*** Data supplied Section Begins ***

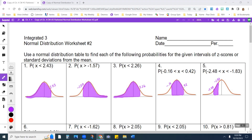This video is on normal distribution worksheet number two. I've drawn in all the normal curves and shaded the area that we're looking for. Remember, the area under a normal curve is equal to one, so we can use it for probability. We can also use it for percent.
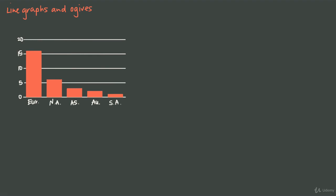We've already used this example where we created a bar chart with data about the Summer Olympic Games. We counted up the number of times each continent has hosted the Summer Olympics. A bar graph is really similar to a line graph, and we can turn one into the other. To turn this bar graph into a line graph, all we need to do is plot a point at the top middle of each bar.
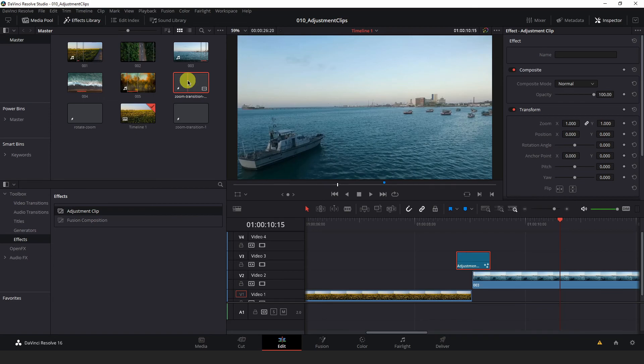Now anytime you want to get to this transition and use it, you have it right here in your media pool available for you at any time. Well, that does it for this tutorial. As you can see, adjustment clips have a lot of great uses from creating some basic transitions to applying specific effects at a specified range on your timeline.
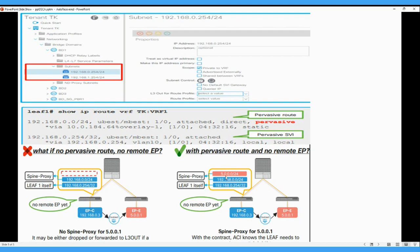So this 5.0.0.0 slash 24 route also goes to this leaf. So this leaf, if there is no remote endpoint running, it happens to this leaf. We simply use spine proxy for this 5.0.0.0. When this endpoint wants to communicate with endpoint E. So basically we can set this with the help of pervasive gateway with this function. So we can save the routing table RIB size on the leaf.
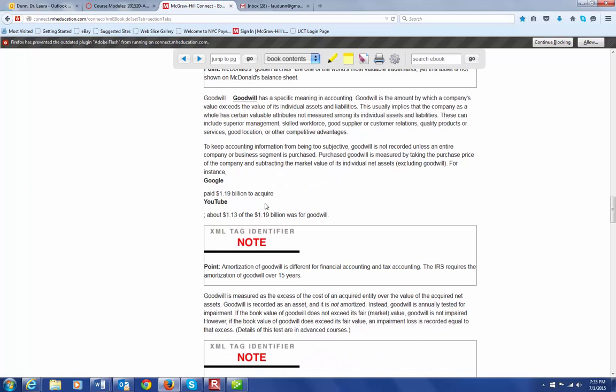And why would you pay more than the individual assets? Well, there are reasons for that. Maybe they have superior management or they have a great workforce. They have a product that nobody else has in that particular market. So, it's often that people pay more for a business than what the actual assets add up to, such as Google bought YouTube for $1.19 billion. And out of that whole thing, most of it was attributed to goodwill, not to the actual assets that YouTube owned. So, $1.13 billion was put into goodwill.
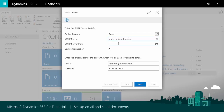For the SMTP server port, we'll use the default port number, which is 587. We want to keep security tight, so we'll leave the Secure Connection checkbox selected. Now we just enter our credentials for our Outlook.com account and finish the assisted setup guide.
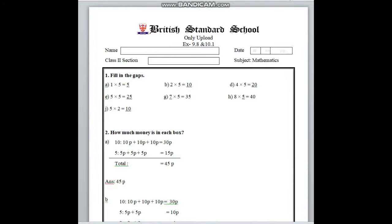Assalamu alaikum students, I am Renegar Sultana ma'am, your maths teacher from class 2. How are you everyone? I hope you are all good. Today we will practice exercise 9.8 and 10.1 from your level of maths book. So, let's start everyone.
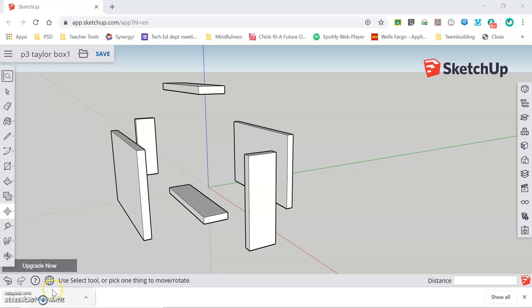Welcome back. This is Mr. Taylor. In this video we're going to look at how to save and open files in SketchUp for Web.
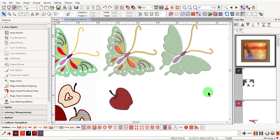There are multiple Magic Wand tools. Which one you use will be determined by the type of artwork and the effect that is desired.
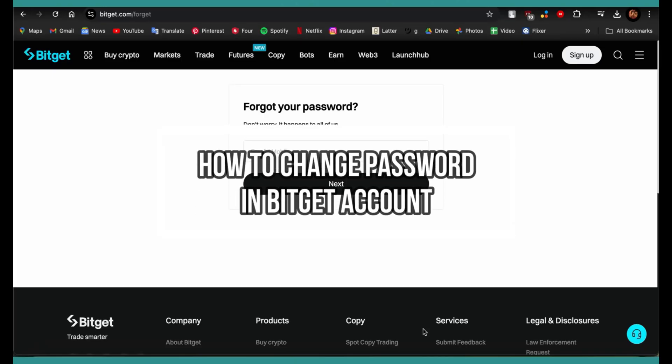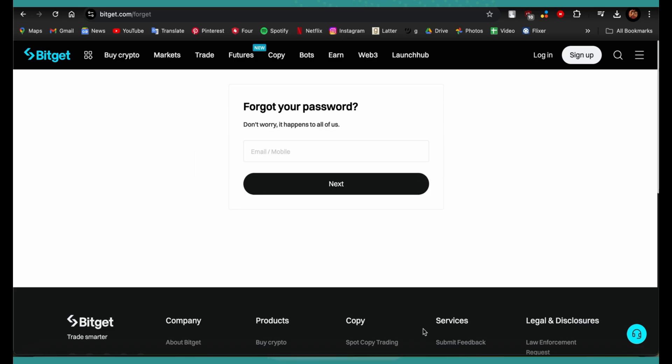Hi guys, welcome back to our channel Beginners Guide. In this video, I'm going to teach you how to change your Bitget wallet password. If you've forgotten your password or want to reset it for safety reasons but don't know how, this video is for you.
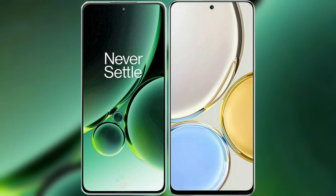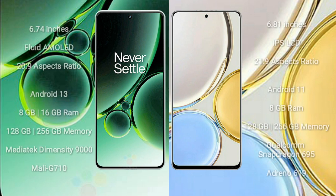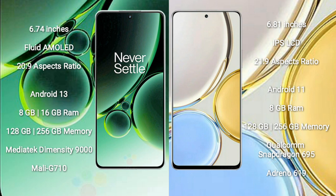I will compare the new OnePlus Nord 3 with Honor X9. OnePlus Nord 3 has a 6.74 inches flat AMOLED display with a 20:9 aspect ratio. Honor X9 comes with a 6.81 inches IPS display with a 21:9 aspect ratio.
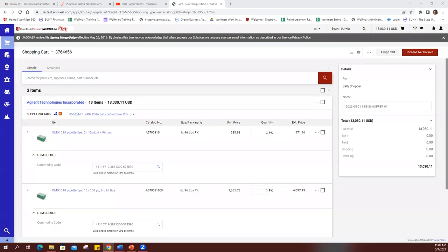And that is just a short summary of how to shop with a hosted catalog in Wolfmart.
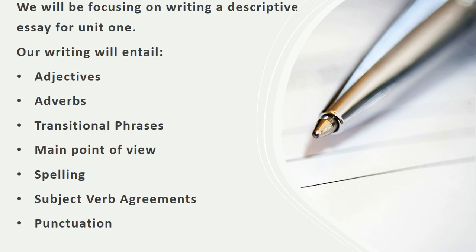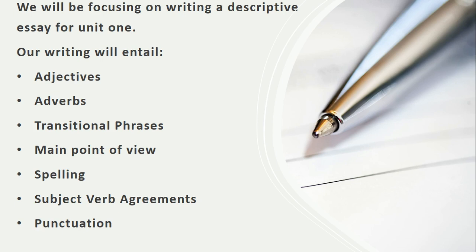To be able to write a descriptive essay for English, we will have to include adjectives, adverbs, transitional phrases, main point of view, spelling, subject-verb agreements, and proper punctuation. All these elements will be included in our writing so that our writing is cohesive, makes sense, gives details, and describes what our topic will be about.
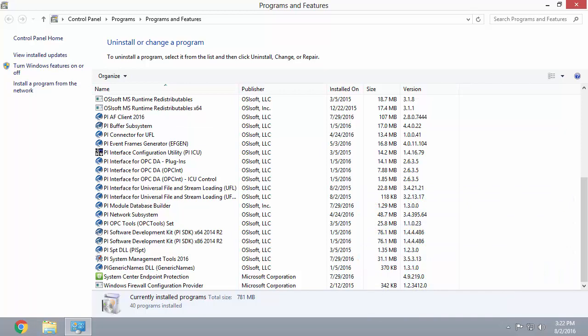Another option that I would recommend is to simply take a screenshot of all of the PI System applications and their versions, in case you need them while troubleshooting.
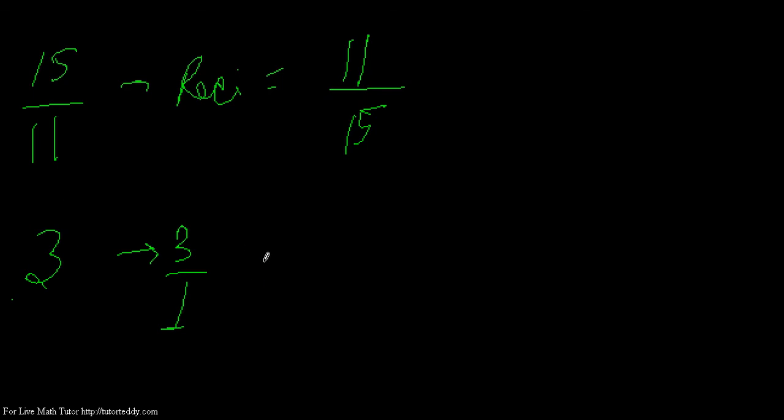But when we need to find the reciprocal, since we know that in the denominator I have a 1, and that comes in the numerator, so 1, and 3 goes down.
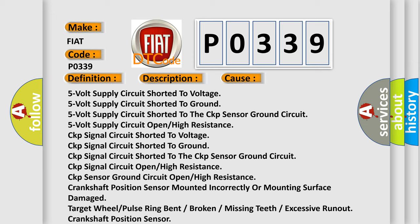CKP signal circuit shorted to the CKP sensor ground circuit, CKP signal circuit open or high resistance, CKP sensor ground circuit open or high resistance, crankshaft position sensor mounted incorrectly or mounting surface damaged, target wheel or pulse ring bent or broken or missing teeth or excessive runout.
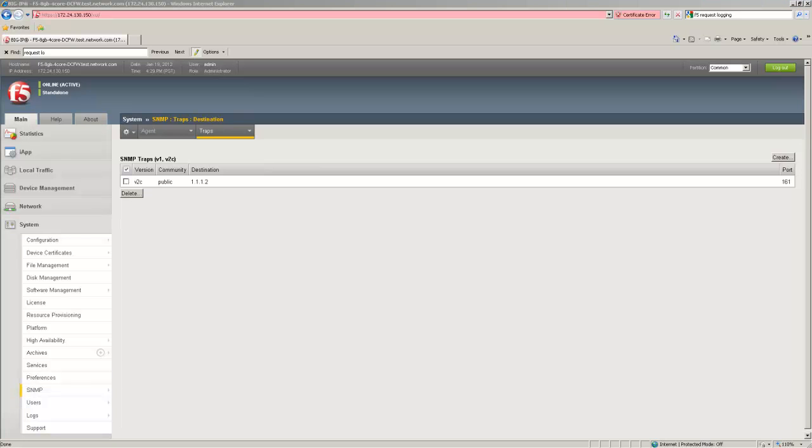By default the SNMP configuration will send alerts when the SNMP agent has started or stopped and when the BIG-IP system receives any warning type. You can also configure the SNMP to send a warning when someone attempts to access the SNMP agent.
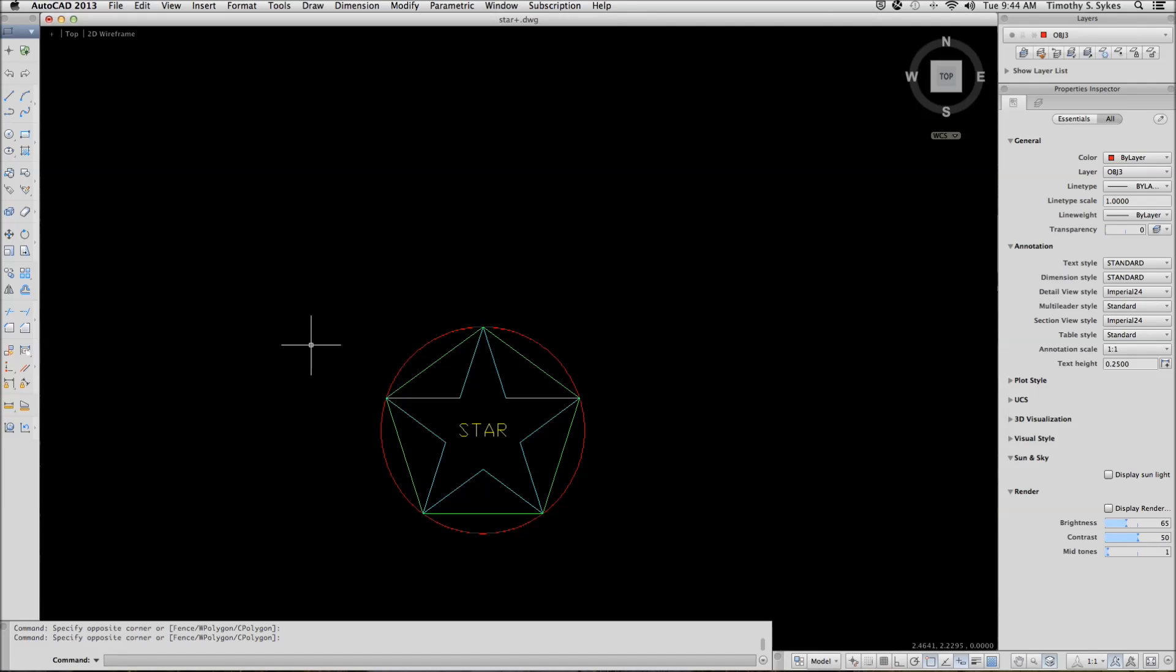This is exercise 817A, mirroring an object. I began in the star plus drawing in the steps less than 8 folder and I have frozen the line layer.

*** Data supplied Section Ends ***

Task instructions: In the entries above, which lines run from the one with "We've already used" up to and including the one with "Now anytime you"? Write them out exactly, without the pictures.

Output for this task:
We've already used this example where we created a bar chart with data about the Summer Olympic Games. We counted up the number of times each continent has hosted the Summer Olympics. A bar graph is really similar to a line graph, and we can turn one into the other. To turn this bar graph into a line graph, all we need to do is plot a point at the top middle of each bar.
Now anytime you want to get to this transition and use it, you have it right here in your media pool available for you at any time. Well, that does it for this tutorial. As you can see, adjustment clips have a lot of great uses from creating some basic transitions to applying specific effects at a specified range on your timeline.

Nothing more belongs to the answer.